We all have different parts of ourselves. You likely have a part when you talk to your kitty: and another part when you talk to your boss, partner or friend. These parts are not rigid – they are flexible and malleable. You can move in and out of these parts with ease, usually in a matter of seconds. Furthermore, you can properly switch from talking to your cat to your partner. When you use the appropriate part at the right time and in the right situation, we call these parts integrated. Parts are also sometimes called ego states. However, if a person has experienced extensive childhood trauma, they will be vulnerable to dissociation and in these dissociated states, move into parts that are trapped in a time when a traumatic event took place in their childhood. Sometimes a person will move into the child state. Other times, a protective part such as an angry teen part will move into the person’s consciousness to try to protect the child part. When a part shows up at an inappropriate time or place, we sometimes call this a dissociated state.
Parts are ego states split off at the time of a childhood traumatic event or events.
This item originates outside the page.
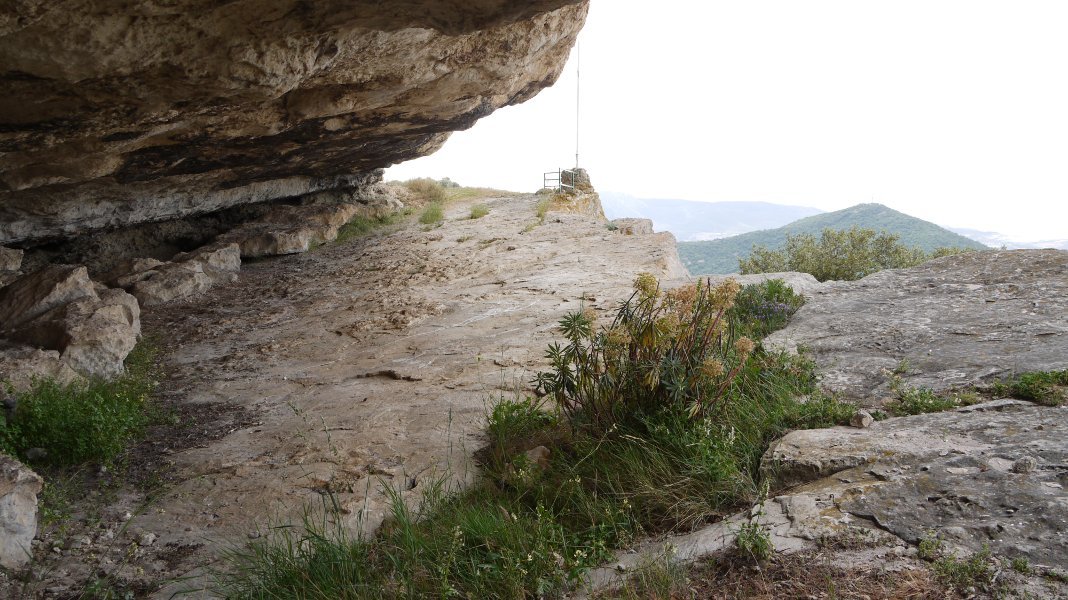 Lazkuako begiratokia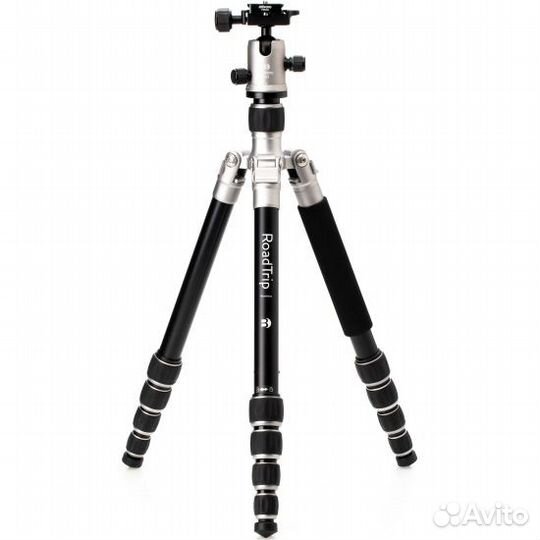 Benro MeFoto bmrtattn RoadTrip штатив трансформер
For example, a child experiences feeling intense pain and vulnerability after being physically abused repeatedly at six years old. The six-year-old doesn’t grow up. Instead, this six-year-old stays six even though real-time child continues to grow up. Once an adult, she finds herself triggered, or distressed when the threat of feeling the same way she did at six presents itself in a present-day event. She may then move into this child part, or more likely, move into a protective and angry part that reacts in a defensive, dismissing way to protect the vulnerable child part. For this person, interpersonal relationships are challenging because every time in the present that this person is reminded of the past, they will act from another part – a vulnerable six-year-old part, an enraged “monster” part (in the worst case), or some less intimidating but still challenging angry part. They may continue to feel triggered in the present over and over again until the trauma of the past has been processed.
These parts or ego states don’t integrate. Put simply, these parts are trapped in trauma-time. They are child parts, teen parts, or infant parts. The older parts (such as teen parts) typically try to protect the child or infant parts. This process has been carefully outlined in two important theories: Structural Dissociation Theory and Internal Family Systems Theory. Sometimes a part can appear as a monster, or a demon part, however, this part isn’t really a monster, or demon but rather a part doing its best to protect a vulnerable child part. A monster will almost always dissipate, or disappear from a person’s system once it believes that the adult (Functional Adult State) can take control of their internal system, and the trauma that drives the monster to activate is processed.
For more information on dissociation read blog posts at this site on dissociation.
Ways to integrate parts include group processing therapy and E.M.D.R. In group you talk about your trauma and process it with a trained facilitator. This therapist creates a safe place for you to re-experience some of the feelings that created the need for protective parts in the first place. With E.M.D.R. you process the original traumatic events in a controlled safe way once you master skills to control dissociation.